From our research, we have concluded that although the number of possible inputs to any given application is almost infinite, it is usually possible to isolate certain inputs that are likely to lead to the exposure of a security hole. This is how most leading security researchers (including us) find security holes in products – by covering this application input-space. However, this is a very costly procedure, that requires expertise and large amounts of time. The main issue is that while a software development company may not want to spend the huge amount of time and effort needed to uncover such security holes, a smart 16 year-old kid with plenty of time on his hands and a freeware fuzzer tools will go through this procedure for the fame and glory that comes with finding such security holes.

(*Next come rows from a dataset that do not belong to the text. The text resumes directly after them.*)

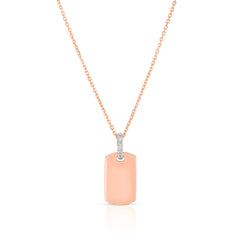 Diamond Bale Dog Tag Necklace, 14K Rose Gold- URBAETIS Fine Jewelry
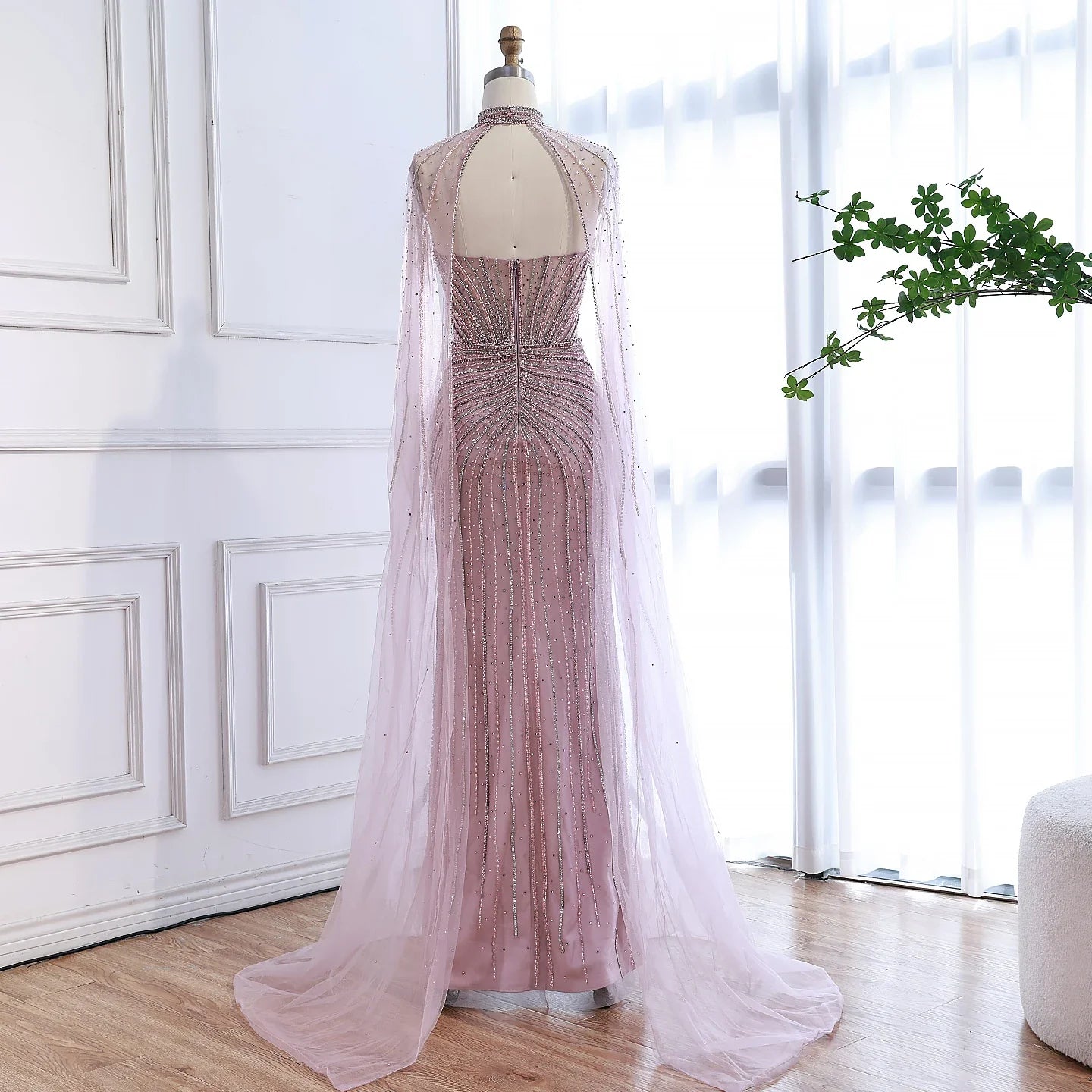 Luxury Dubai Caramel Beaded Evening Dress With Cape LA72811C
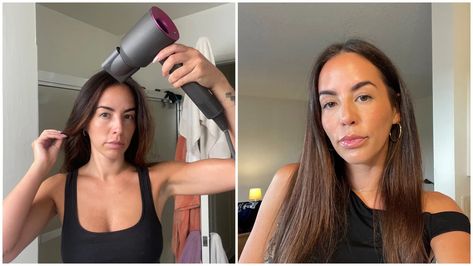 8 Blow-Dry Hacks For a Perfect Blowout, According to a Pro | POPSUGAR Beauty How To Blow Dry Curly Hair Straight, Best Blowout, Tips For Thick Hair, Blowout At Home, Sleek Blowout, Perfect Blowout, Blow Dry Hair, Popsugar Beauty, Professional Hairstylist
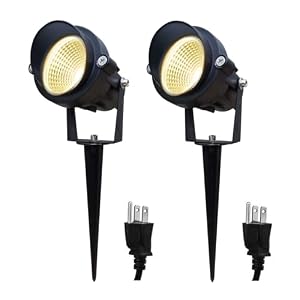 LED Outdoor Landscape Spotlight 120V 12W Waterproof Spot Lights for Yard House Garden Christmas Lighting, 3000K Warm White, 2 Pack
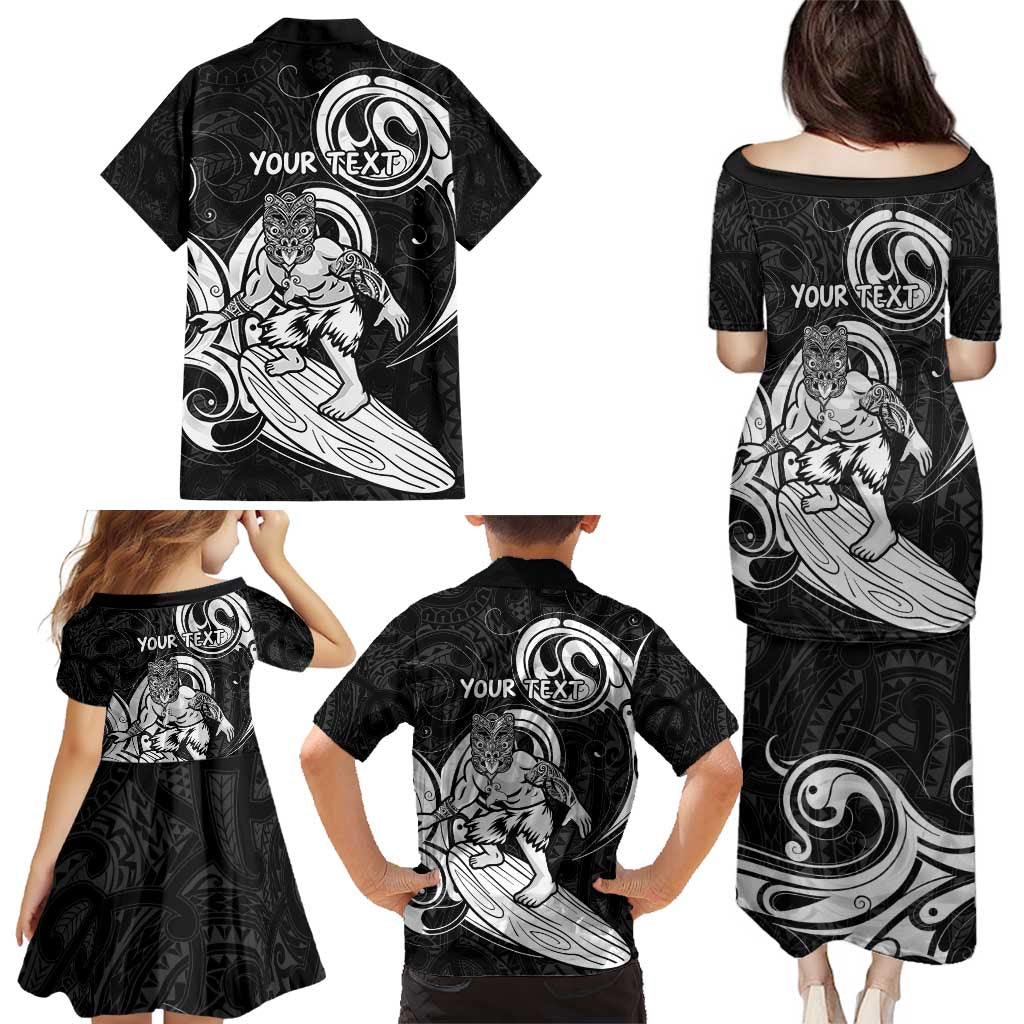 Personalised New Zealand Surfing Family Matching Puletasi and Hawaiian Shirt Aotearoa Maori Tiki Haka LT14 - Polynesian Pride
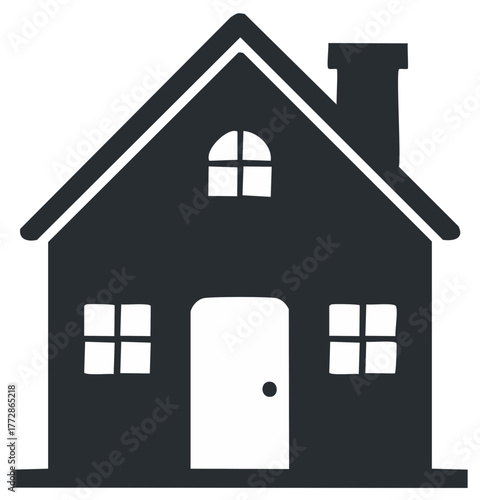 Simple house icon with chimney, windows, and front door, representing home, shelter, and family living in a minimalistic style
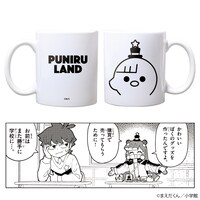 「ぷにるはかわいいスライム ぷにるマグカップ」（上）。購買で売るためにぷにるが自らデザインしたカップだ。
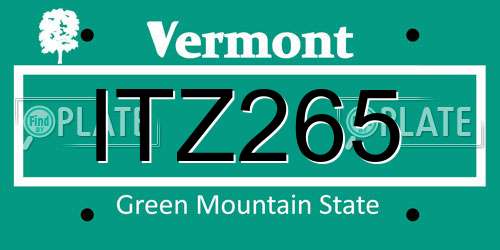 ITZ265 Vermont License Plate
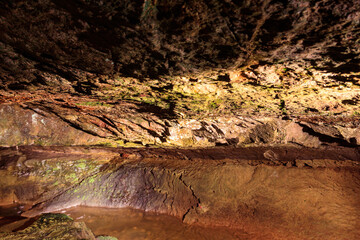 St. Beatus Caves with stalactites and stalagmites below Beatenberg near Interlaken in Bern canton in Switzerland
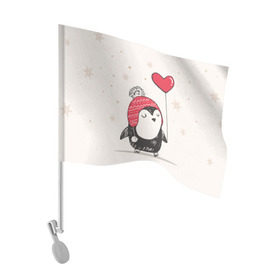 Флаг для автомобиля с принтом Пингвин с шариком в Тюмени, 100% полиэстер | Размер: 30*21 см | Тематика изображения на принте: пингвин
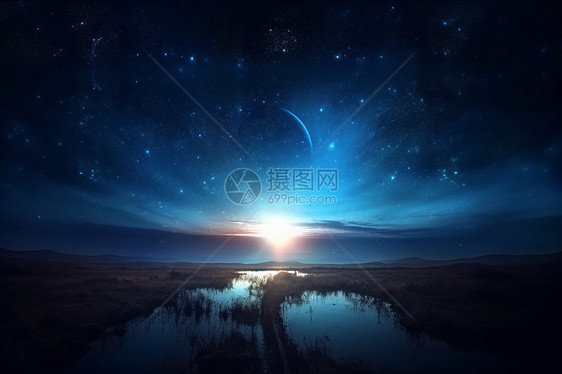 日出的星空图片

By making this procedure automatic and removing the need for security expertise in running the tool, beSTORM fuzzer standardizes the security checking phase of product development.
Let us show you how black box fuzzing works, schedule a demo.
There is an obvious need in the information security industry for security testing tools that will enable early detection of vulnerabilities in products that might allow unauthorized intrusion.
One of the most common problems in today’s software market is the numerous attempts by hackers to try and break the security protection of applications. Every single day, new vulnerabilities are discovered and published. The damage caused by these vulnerabilities is extensive and includes harm to the vendor’s image; financial loss due to labor being diverted from other tasks to cope with the problem; and third-party damage caused by privileged information stored in the applications used to hurt the interests of the organization. Direct damages can be in the hundred thousands of dollars and indirect damages can be in the millions of dollars, depending on the sensitivity of the information being exposed.
One cause of vulnerabilities is that application developers are not experts in writing secure code that is resilient to hackers and QA departments can’t maintain an array of often unsupported protocol fuzzers.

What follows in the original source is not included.